The Winter 2006-2007 issue of egards, a French-Canadian conservative journal, contains an article by editor Jean Renaud, "The conservative French-Canadians and the Destiny of America: The lesson of Edmund Burke." The article analyzes what the author sees as the various contemporary intellectual pathologies, including the belief, according to opinion polls, of the English, Canadians and Mexicans that George Bush is a greater threat to world peace than is Iran's president Ahmadinejad. But then Renaud acknowledges that they are right, and his argument seems convincing:
In the 1930s also, persons of good intentions accused this flamethrower [lit. cannon-igniter] Winston Churchill of being the principal danger towards world peace. In a sense, these people were correct. Churchill, in opposing Nazism, menaced world peace, a peace of which the terms had been defined by Hitler. The rejection of tyranny and the resistance to totalitarianism have always been a grave menace to world peace.

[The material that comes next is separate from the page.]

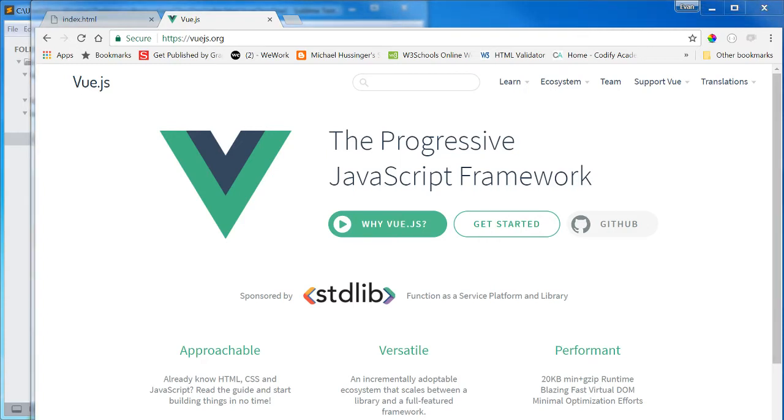Hi, everybody. This is going to be our first video on Vue.js, the progressive JavaScript framework.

(My translation for the text and the title.) Many thanks to the VC readership for informing me, and, I hope, others, about the fine journal, with which I do not always agree, but which does have a vivid appreciation of the importance of Western Civilization resisting Islamofascism. BTW, the article never discusses Israel, but it seems to me that the point about polls regarding Bush as a menace is also apt regarding the polls showing that many Europeans regard Israel as a greater threat to world peace than Iran (or, more precisely, than Iran's dictatorship).